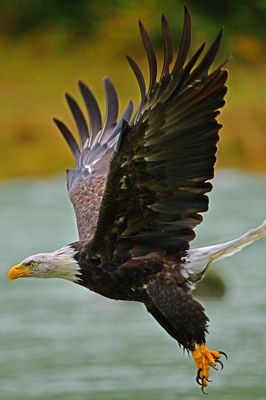 AK - Bald Eagle Haines 4.jpg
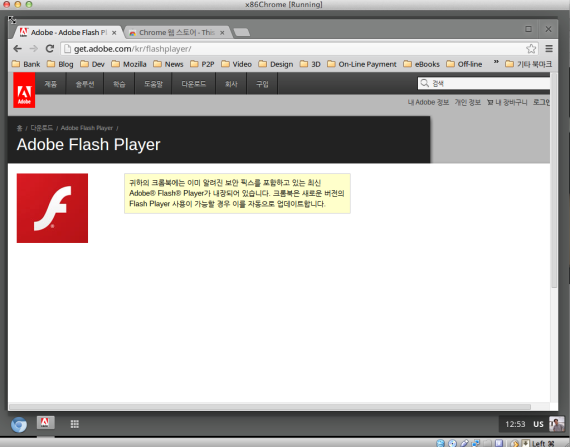 Adobe Flash page says it's already installed.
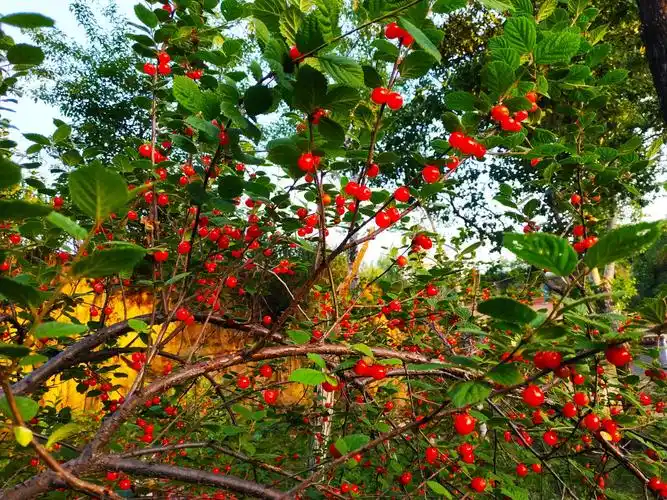 山林野果毛樱桃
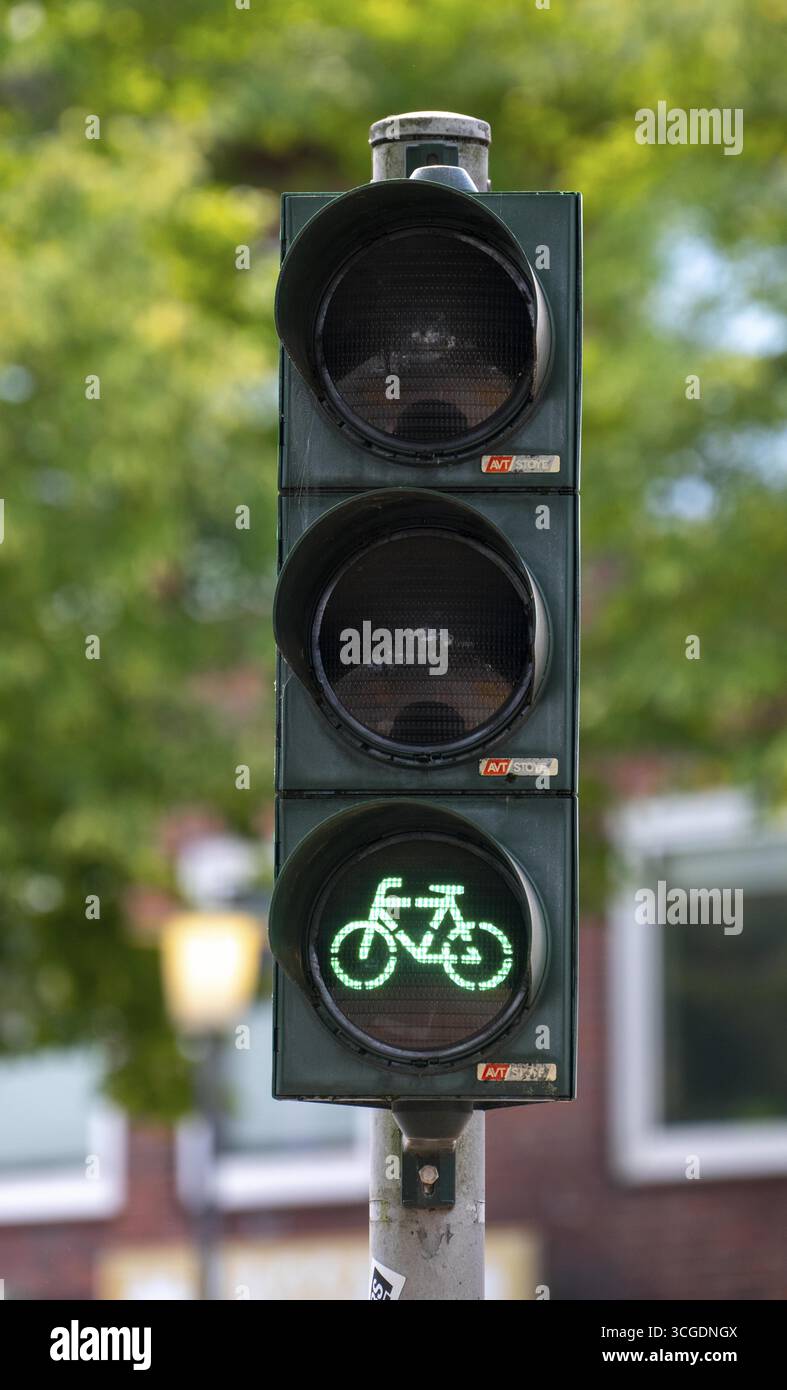 Bicycle traffic in Muenster, bicycle traffic light, traffic light for bicycle traffic only, on a cycle path in the city centre, next to a road for car Stock Photo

● Task instructions
Restate the material above word for word, dropping the pictures.

● Answer below
 AK - Bald Eagle Haines 4.jpg
 Adobe Flash page says it's already installed.
 山林野果毛樱桃
 Bicycle traffic in Muenster, bicycle traffic light, traffic light for bicycle traffic only, on a cycle path in the city centre, next to a road for car Stock Photo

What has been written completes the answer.